Brexit already causing farm losses in UK
Fruit and vegetable crops are being left to rot on British farms because of a shortage of labour blamed on last year’s Brexit vote.
Britain’s National Farmers’ Union (NFU) has called the UK Government to implement a seasonal agricultural workers scheme to fix the problem.
The UK media has reported farmers reporting a 20 per cent drop in available labour.
And the NFU’s monthly labour survey showed a 29 per cent shortfall in seasonal workers for horticulture businesses in September, up from 17 per cent in May.
Britain’s agricultural industry is critically dependent on pickers from the EU — notably Eastern Europe — for seasonal work.
Low unemployment rates and the seasonal nature of farm work makes it difficult to attract local workers.
At the same time the UK has also become less attractive to seasonal workers because the fall in the value of the pound against the euro since Britain voted to leave the EU.
In one case highlighted in the UK media, a fruit farmer in Scotland had to leave around 75,000 tons of blueberries to waste because of a labour shortage, which cost him £500,000.
A farmer in Kent was unable to find enough labour to pick 100 tons of raspberries, out of a total of 2,000 tons, which cost him £700,000, said
The NFU says that broccoli, cauliflower and pumpkins are also rotting in fields.
The UK Government has commissioned advice from the migration advisory committee to better understand reliance on EU migrant workers across the wider economy and says it will work with the agriculture industry to consider their specific needs.
According to the UK’s Department for the Environment, Food and Rural Affairs, there were 67,000 seasonal workers in 2015, while farming industry figures put the number at about 80,000.
Earlier this year, a panel of food policy experts says the British Government is “sleepwalking” into a post-Brexit future of insecure, unsafe and increasingly expensive food supplies, and has little idea how it will replace decades of EU regulation on the issue.
The study said ministers and the public have become complacent after decades of consistent food supplies and stable prices for the UK, something greatly helped by the EU.
“With the Brexit deadline in 14 months, this is a serious policy failure on an unprecedented scale,” the report by academics from three leading universities said.
“We are surprised at the failure of the government to address a huge set of issues related to food and agriculture.

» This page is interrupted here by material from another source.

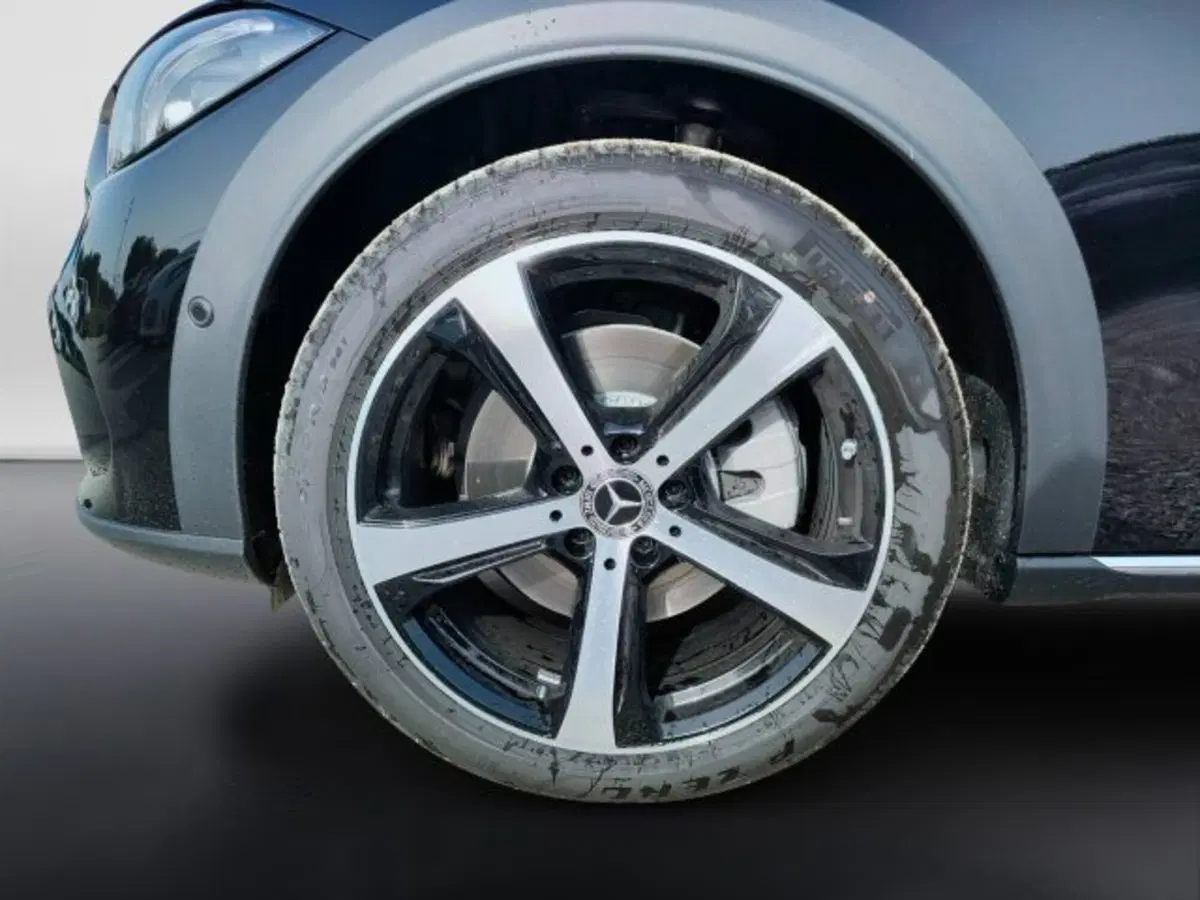 Mercedes-Benz Classe C nuova a Teramo (8)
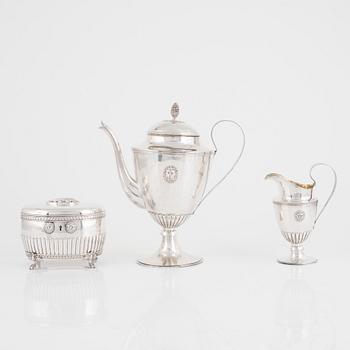 Kaffekanna, silver, Daniel Hellman, Stockholm, 1812, gräddkanna och sockerskål, silver, empirestil, 1919.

They give the impression of sort of sleepwalking into this,” they said.
Their 88-page report says that large elements of EU agricultural and fisheries policies would need major reform even if Britain remained a member.

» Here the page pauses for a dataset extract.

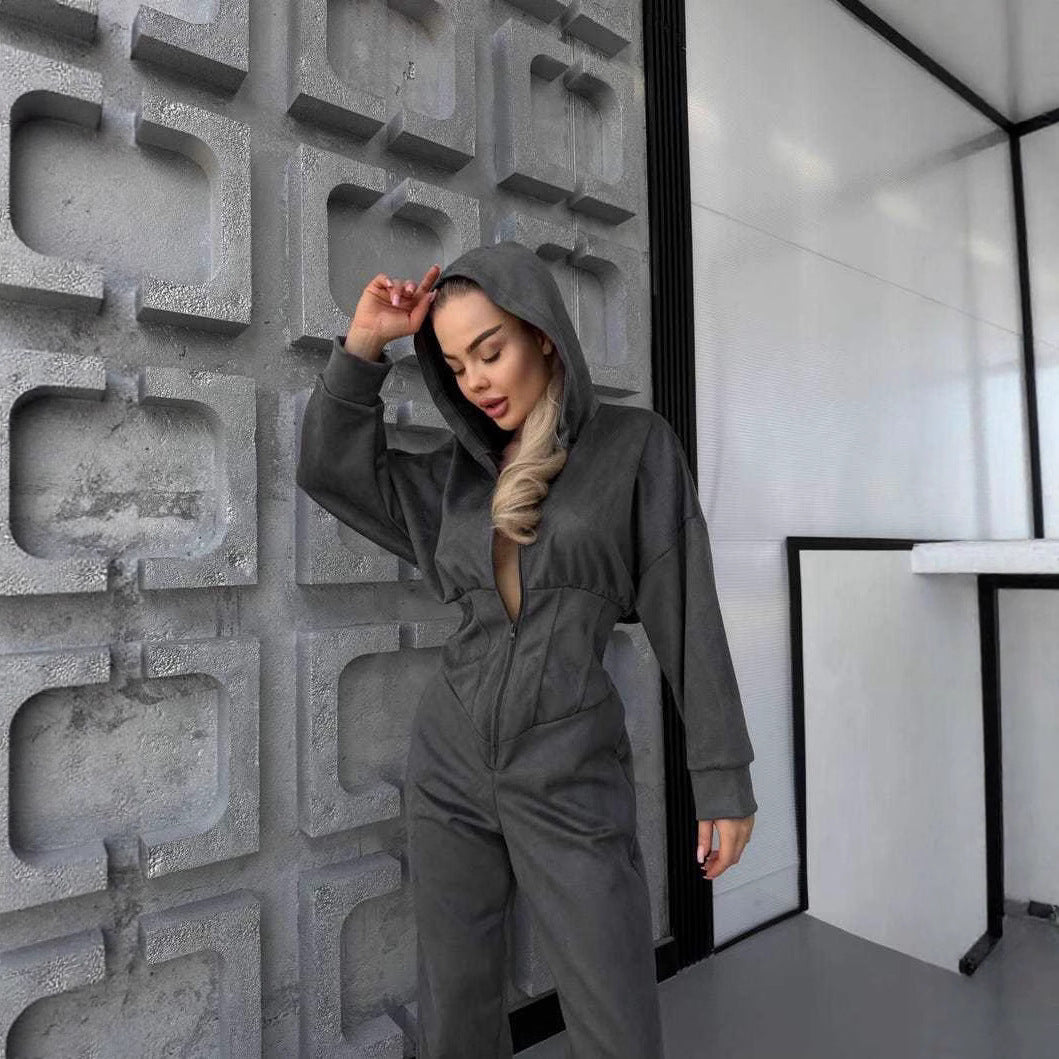 Dame jumpsuit med dyp utringning og hette Skjora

But it warns that departure from the EU raises such urgent complications for food and agriculture that without focus on the issue “the risk is that food security in the UK will be seriously undermined”, leading to dwindling supplies and erratic prices.
The report found that Brexit was already causing problems for many rural employers. Forty four per cent of those surveyed said they had experienced a reduction in the availability of migrant labour over the past year.
The impact was not restricted to crop pickers. The survey also highlighted that one in ten of those surveyed employ migrant workers in managerial positions and almost a quarter of respondents said they worked in skilled roles.
And although overseas labour peaks during harvest months, the survey shows migrant workers are employed all year round within rural businesses in the UK.